Does anyone have experience with the #7 jointer planes that Grizzly sells, in particular their "smoother" one with the corrugated sole? It seems to get decent reviews on Amazon.

As I am working on a base for my workbench and will soon have some work holding capability and a good surface to work on, I'd like to get a jointer plane and do away with some of the limitations of my 6" jointer.

I was bidding on a nice Record on eBay but it went higher than I was ready to pay. In retrospect, I should probably have tried to get that one. Budget is limited and I cannot spend much, nor am I willing to restore a rust bucket at this point. I haven't found anything worthwhile in the local antique shops and Craig's List is not very prolific around here. I am not a collector and I'm just interested in something that works well.

The Grizzly is pretty cheap, I'm wondering if it can simply do the job well.

Thanks!


----------



## waho6o9 (May 6, 2011)

I didn't know Grizzly had hand planes. After looking at them I think you might
want to look at vintage or Veritas as I think Grizzly is just the middle man. My opinion.

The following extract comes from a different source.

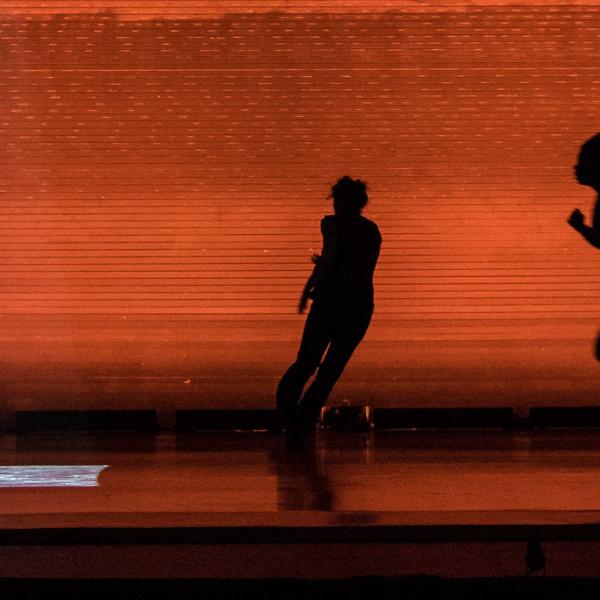 Dance performance at University Theatre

Fellow LJer DonW can hook you up at: http://timetestedtools.wordpress.com

Or, Veritas at: http://www.leevalley.com/US/Wood/page.aspx?cat=1&p=41182

Enjoy your journey, you're going to dig it.


----------



## JohnChung (Sep 20, 2012)

I am not sure on your budget. But it looks like you have not decided on which FIRST handplane you want to start with. I will go for a jack plane first. If the budget is below USD 100.00 then buy a used Stanley #5 and tune it up. Tuning will take time and effort…..

I hear good things on WindRiver, LN and LV but it is well above 100.00. At any case start with wood stock
that are straight and not figured. The less knots the better.


----------



## bandit571 (Jan 20, 2011)

IF you mean Groz, instead of Grizzley….... Stay away from anything with GROZ on it. E Bay has a LOT of #5 Jack planes going for less than $30, counting shipping.


----------



## shampeon (Jun 3, 2012)

With all the good used #7s out there, I wouldn't buy one of those planes. They're $55, and for about the same price you can get this one, for example.


----------



## Loren (May 30, 2008)

I'm sure the Grizzley will get the job done.

Bench plane function is mostly about the basic geometry of
the tool and holding the iron in a fixed position. That's
why simple home-made wooden planes can produce
the same fine results as expensive iron planes.

In #4 sized planes meant for final smoothing of woods
there are a few other factors to consider when working
the finer hard woods, like mass of the plane body
and pitch angle of the blade.

Nice planes are nice to have, but any jointer with
an adequately flat sole will get the work of a 
jointer plane done.


----------



## LeChuck (Jan 6, 2010)

Thanks for the replies. I was mostly hoping for feedback from users of the Grizzly planes, but I'm of the opinion that most tools should just be able to get the job done, unless they have some definite big flaws.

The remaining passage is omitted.